**Exercise input:**
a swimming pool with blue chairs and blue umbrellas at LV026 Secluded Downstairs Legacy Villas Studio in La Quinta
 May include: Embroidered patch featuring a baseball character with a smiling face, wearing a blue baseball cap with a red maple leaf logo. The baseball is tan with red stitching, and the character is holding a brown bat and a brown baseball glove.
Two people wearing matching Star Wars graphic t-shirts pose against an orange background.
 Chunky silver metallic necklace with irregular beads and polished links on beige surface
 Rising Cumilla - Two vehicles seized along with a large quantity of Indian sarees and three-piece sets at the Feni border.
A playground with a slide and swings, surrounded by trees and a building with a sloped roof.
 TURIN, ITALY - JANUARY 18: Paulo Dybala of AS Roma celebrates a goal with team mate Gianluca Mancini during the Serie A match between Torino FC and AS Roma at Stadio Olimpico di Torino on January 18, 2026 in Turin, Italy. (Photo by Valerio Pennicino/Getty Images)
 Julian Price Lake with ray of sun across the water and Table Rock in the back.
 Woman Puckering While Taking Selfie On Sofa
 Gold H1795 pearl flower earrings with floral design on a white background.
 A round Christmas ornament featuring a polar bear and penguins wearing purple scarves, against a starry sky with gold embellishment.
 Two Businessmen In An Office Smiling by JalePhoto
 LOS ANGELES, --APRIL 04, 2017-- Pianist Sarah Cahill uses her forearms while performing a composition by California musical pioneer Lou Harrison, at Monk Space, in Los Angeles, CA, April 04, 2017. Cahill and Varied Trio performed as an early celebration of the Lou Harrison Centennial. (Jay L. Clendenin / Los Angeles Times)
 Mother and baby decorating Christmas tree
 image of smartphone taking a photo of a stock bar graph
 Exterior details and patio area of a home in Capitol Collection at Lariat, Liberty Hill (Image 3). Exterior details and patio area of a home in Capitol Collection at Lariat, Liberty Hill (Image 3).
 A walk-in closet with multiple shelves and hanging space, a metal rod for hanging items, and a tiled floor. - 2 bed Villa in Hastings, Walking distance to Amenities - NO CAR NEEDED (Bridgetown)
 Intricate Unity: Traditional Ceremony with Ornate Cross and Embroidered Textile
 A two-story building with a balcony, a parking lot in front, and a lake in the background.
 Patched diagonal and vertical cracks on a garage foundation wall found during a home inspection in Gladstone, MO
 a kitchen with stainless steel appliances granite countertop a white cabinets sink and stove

**Problem statement:** All that is wanted is a faithful reproduction of the line above with "A playground with", the line with "LOS ANGELES, --APRIL", and every line in between.

**Answer to this problem:**
A playground with a slide and swings, surrounded by trees and a building with a sloped roof.
 TURIN, ITALY - JANUARY 18: Paulo Dybala of AS Roma celebrates a goal with team mate Gianluca Mancini during the Serie A match between Torino FC and AS Roma at Stadio Olimpico di Torino on January 18, 2026 in Turin, Italy. (Photo by Valerio Pennicino/Getty Images)
 Julian Price Lake with ray of sun across the water and Table Rock in the back.
 Woman Puckering While Taking Selfie On Sofa
 Gold H1795 pearl flower earrings with floral design on a white background.
 A round Christmas ornament featuring a polar bear and penguins wearing purple scarves, against a starry sky with gold embellishment.
 Two Businessmen In An Office Smiling by JalePhoto
 LOS ANGELES, --APRIL 04, 2017-- Pianist Sarah Cahill uses her forearms while performing a composition by California musical pioneer Lou Harrison, at Monk Space, in Los Angeles, CA, April 04, 2017. Cahill and Varied Trio performed as an early celebration of the Lou Harrison Centennial. (Jay L. Clendenin / Los Angeles Times)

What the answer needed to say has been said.